#10 - bar italia - "Missus Morality" / "maddington" (tie)
Let the 2023 countdown begin!
I spent a lot of time listening to bar italia this year without really learning anything about the band or its songs. Some of that is by design—the vocals are often mumbled or buried in the brooding alt-rock mudslide, the themes orbit vague feelings and slices of slices of life. But I don’t need a Pitchfork interview or a Genius lyric analysis to grasp the spirit of this music. It hits with such potent feeling despite and because of its murky color and melted pulse. It’s a symphony of the sallow, a tour de force in shy melodies and gently beating, entrancing grooves. The way the three members rotate their vocals, sometimes harmonizing in contrasting tones like a human shadowed by a gloomy second self, makes me imagine friends rendezvousing on a dark street corner, trading stories and comforting each other after a peculiar night out. Sometimes when I listen to bar italia riding the bus late or walking across the bridge in the rain, the songs lodge themselves so deeply in the rhythm of my thoughts I almost forget I’m listening to music.
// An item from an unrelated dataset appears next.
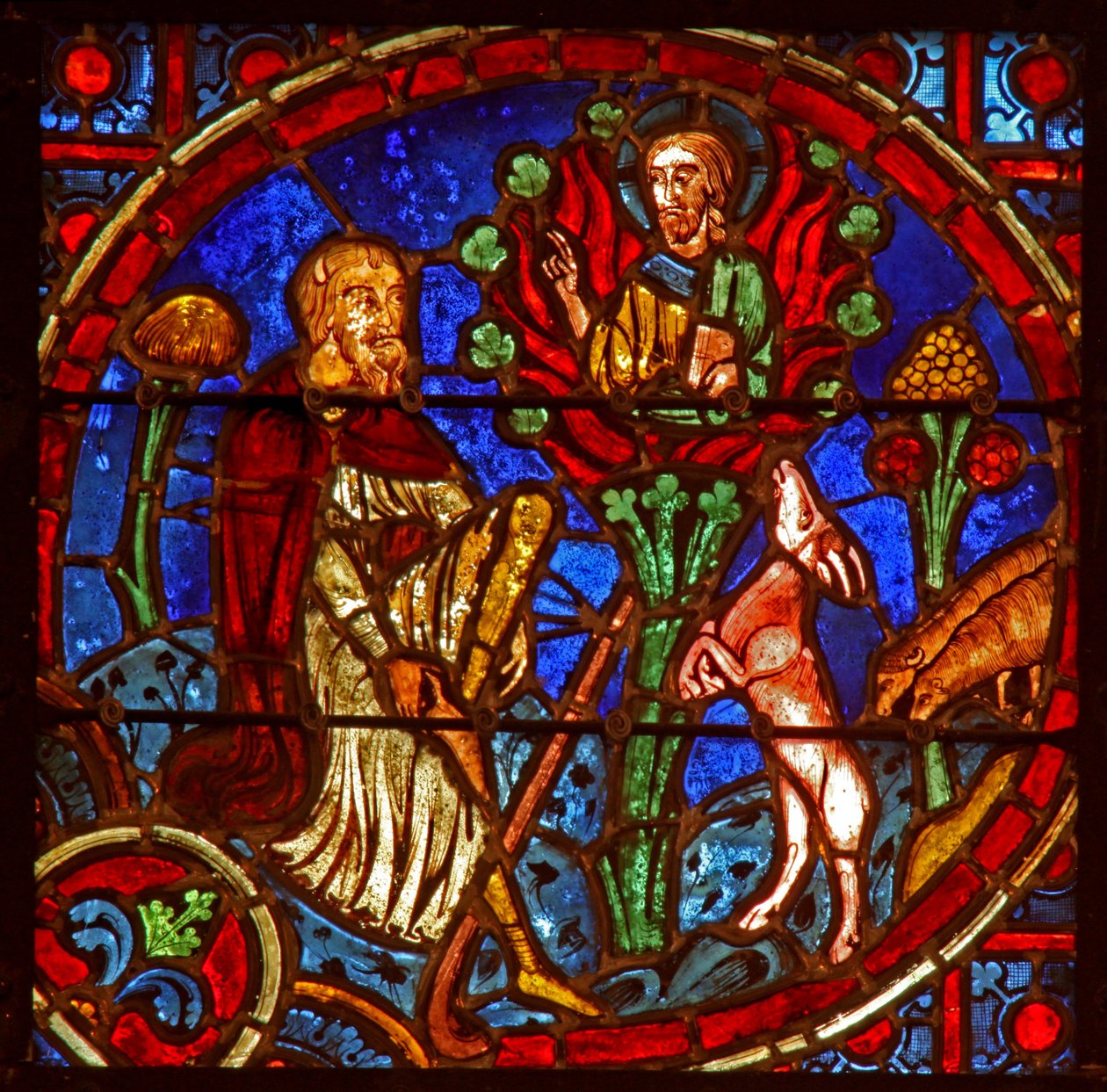 Fönster w2 föreställande Moses och den brinnande busken av French School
After teasing you with tepid chords, “Missus Morality” wigs out into a whirling freefall. Nina Cristante exhorts you to “give up your dreams and come this way,” and it feels less like a command to be jaded than an invitation to enter into a lovely private secret. The equally cathartic “maddington” weaves sparkling violin into the attic-dusty instrumentation. It sounds like a long-enervated sad sack discovering happiness again, a gray existence letting light spill in.